▸ **Input records**
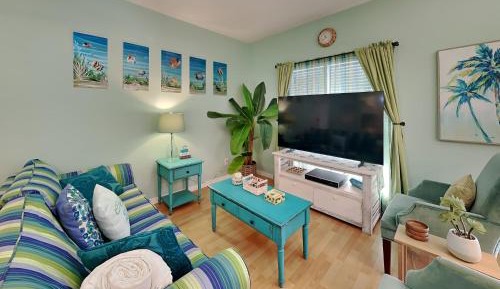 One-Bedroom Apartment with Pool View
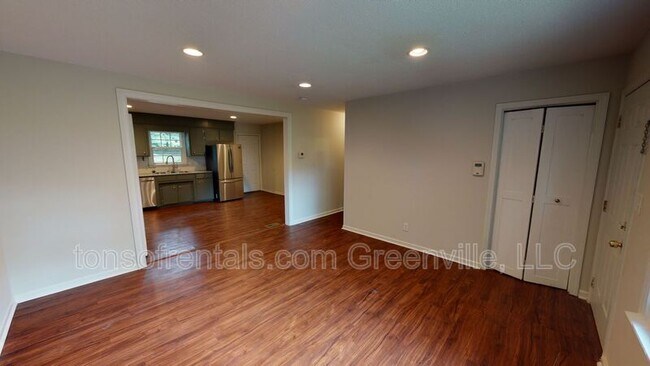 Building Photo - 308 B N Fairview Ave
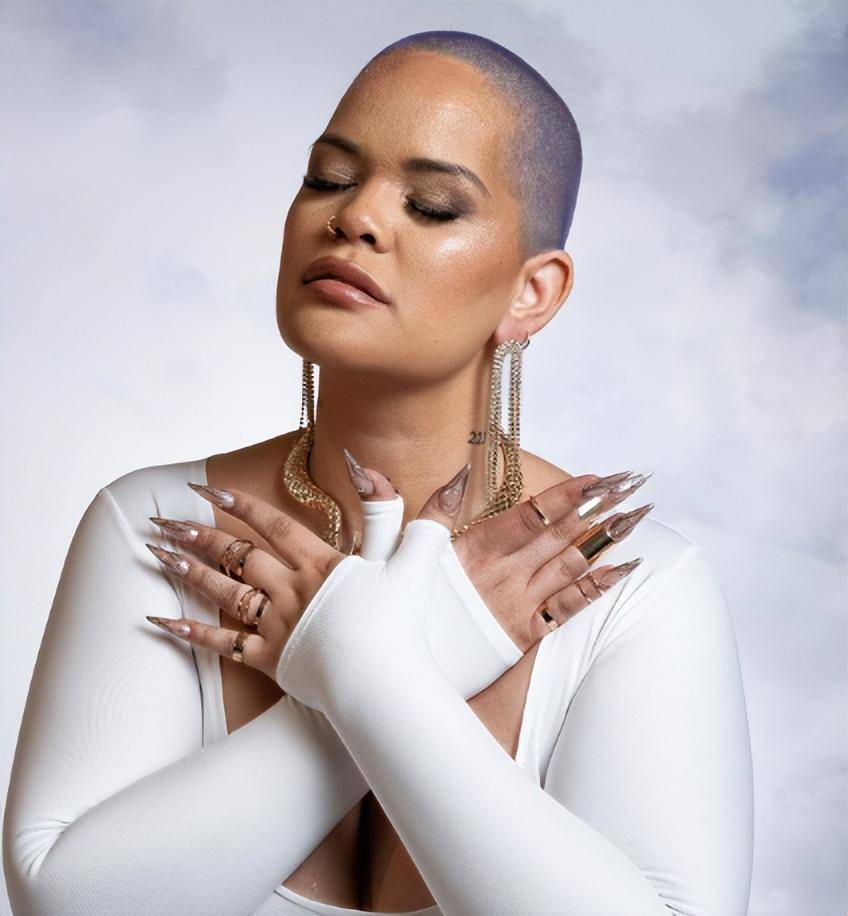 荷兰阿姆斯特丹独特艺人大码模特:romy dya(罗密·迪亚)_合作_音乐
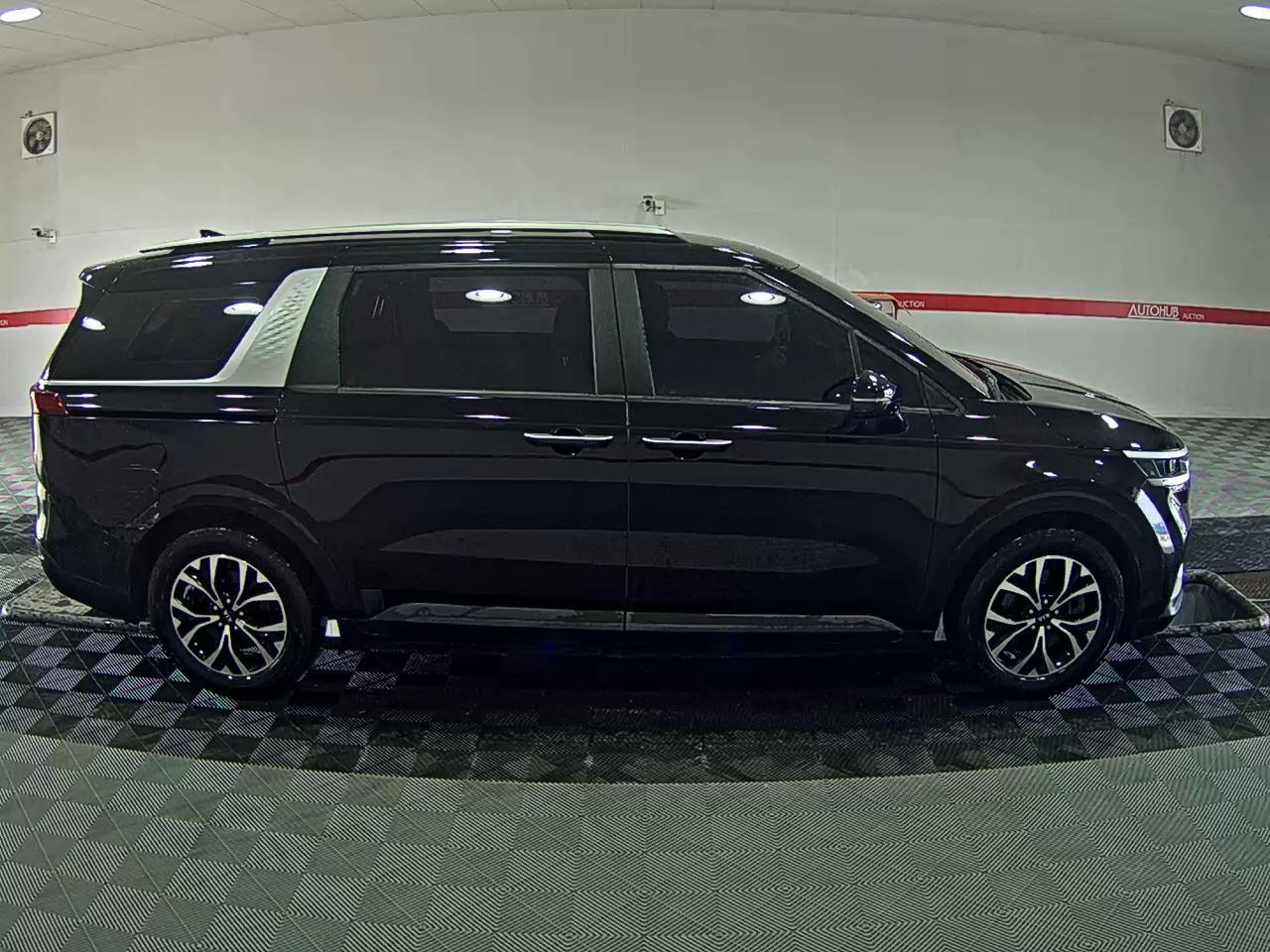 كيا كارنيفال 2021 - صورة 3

* * *

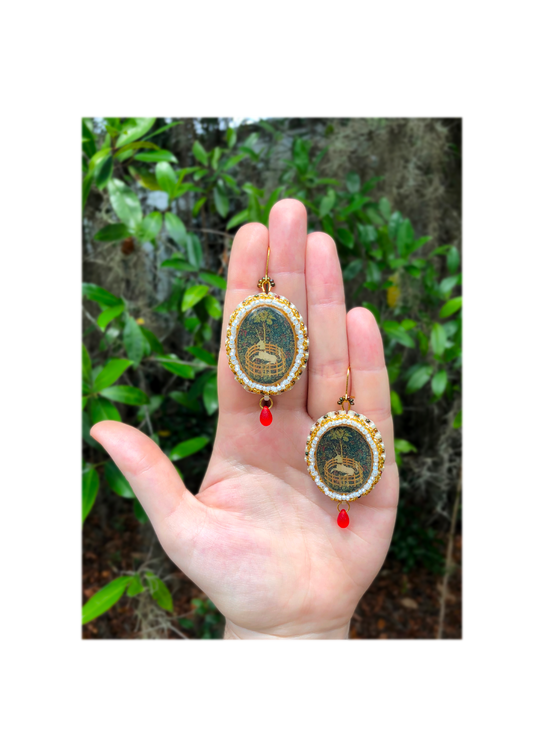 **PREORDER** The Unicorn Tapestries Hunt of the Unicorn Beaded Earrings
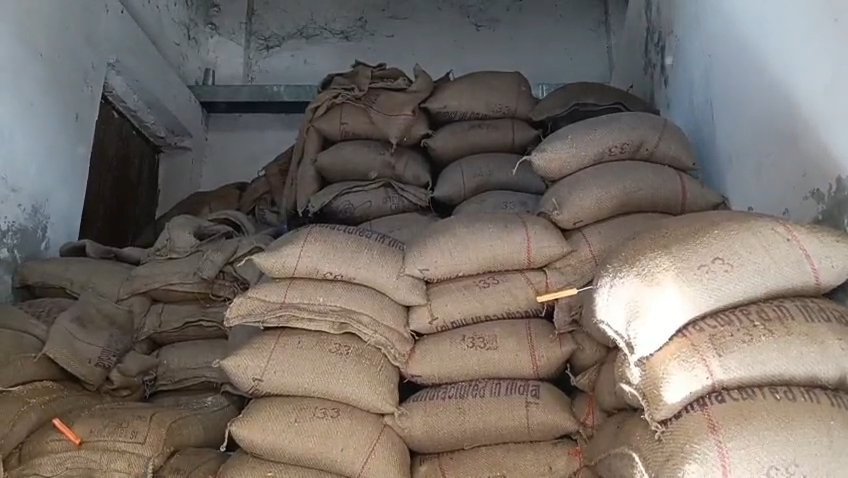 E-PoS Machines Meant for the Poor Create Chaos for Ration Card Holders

▸ **Exercise description**
Nothing but the lines from the one with "Unicorn Beaded Earrings" up to and including the one with "E-PoS Machines Meant" should be printed, exactly as they read above. Please keep the pictures out.

▸ **Response to the exercise**
 **PREORDER** The Unicorn Tapestries Hunt of the Unicorn Beaded Earrings
 E-PoS Machines Meant for the Poor Create Chaos for Ration Card Holders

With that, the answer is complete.